Supplied records: Begin
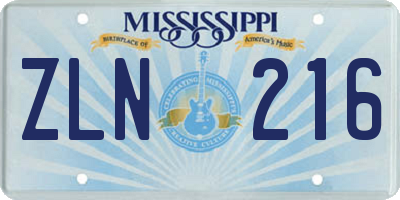 MS license plate ZLN216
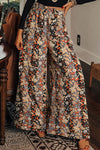 Black Floral Print Boho High Waist Wide Leg Pants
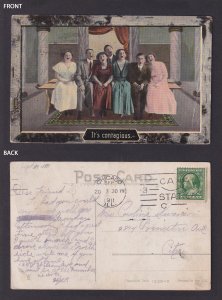 UNITED STATES, Postcard, It's contagious, People Yawning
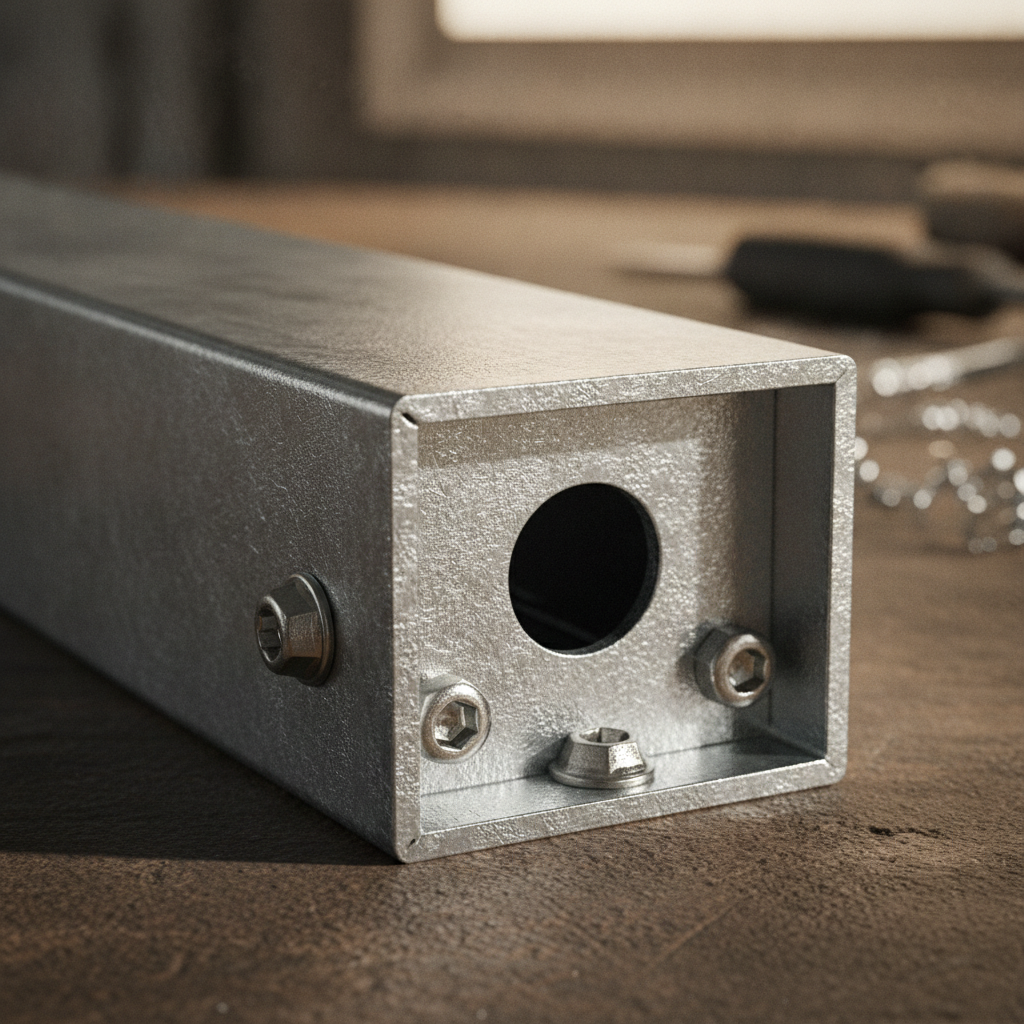Close-up of a galvanized C-shaped steel stud seated in U-track, showing flanges, web, and knockout for services — metal stud framing detail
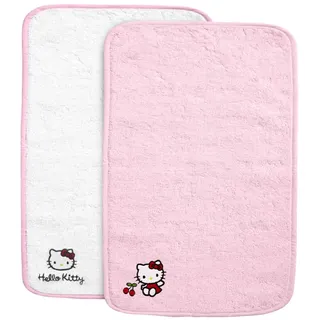 Hello Kitty – 2er-Set bestickte Wickelunterlagen 30×45 cm – 100% Baumwoll-Frottee, weich & wasserdicht – Mobile Wickelauflage für Babyhygiene – Offizielles Sanrio-Produkt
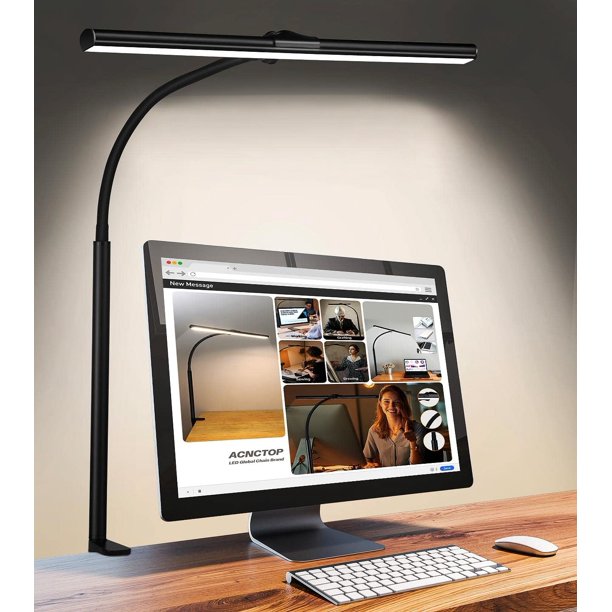 Lámpara de escritorio para oficina en casa – Lámpara de trabajo para arquitecto que cuida los ojos, 25 modos de iluminación, lámpara de escritorio LED ajustable, luz flexible con abrazadera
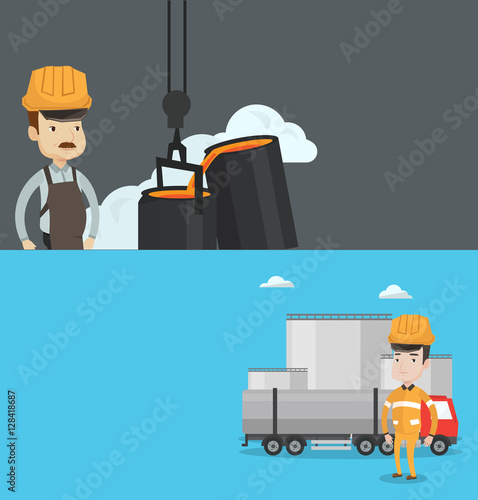 Two industrial banners with space for text.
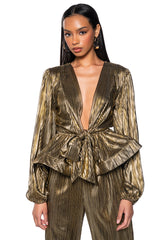 NOEL TIE PLEATED TIE FRONT METALLIC BLOUSE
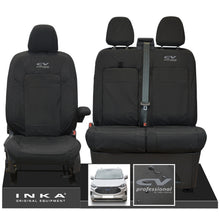Load image into Gallery viewer, The All New Ford Transit Custom INKA Front 1+2 Tailored Waterproof Seat Covers Set Black MY-2024 Onwards - CV Professional Embroidery
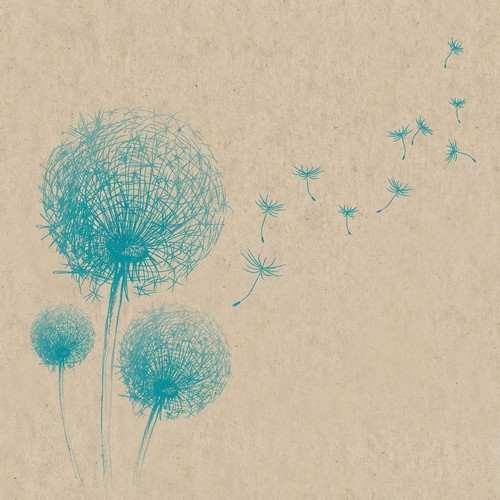 25 napkins sustainable Fly away - Flying dandelion flowers 33x33cm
Supplied records: End
### Task
Begin at the first line of the entries and end at the line containing "Lámpara de escritorio para": write out each line exactly, skipping pictures.

### Task result
 MS license plate ZLN216
 Black Floral Print Boho High Waist Wide Leg Pants
 UNITED STATES, Postcard, It's contagious, People Yawning
Close-up of a galvanized C-shaped steel stud seated in U-track, showing flanges, web, and knockout for services — metal stud framing detail
 Hello Kitty – 2er-Set bestickte Wickelunterlagen 30×45 cm – 100% Baumwoll-Frottee, weich & wasserdicht – Mobile Wickelauflage für Babyhygiene – Offizielles Sanrio-Produkt
 Lámpara de escritorio para oficina en casa – Lámpara de trabajo para arquitecto que cuida los ojos, 25 modos de iluminación, lámpara de escritorio LED ajustable, luz flexible con abrazadera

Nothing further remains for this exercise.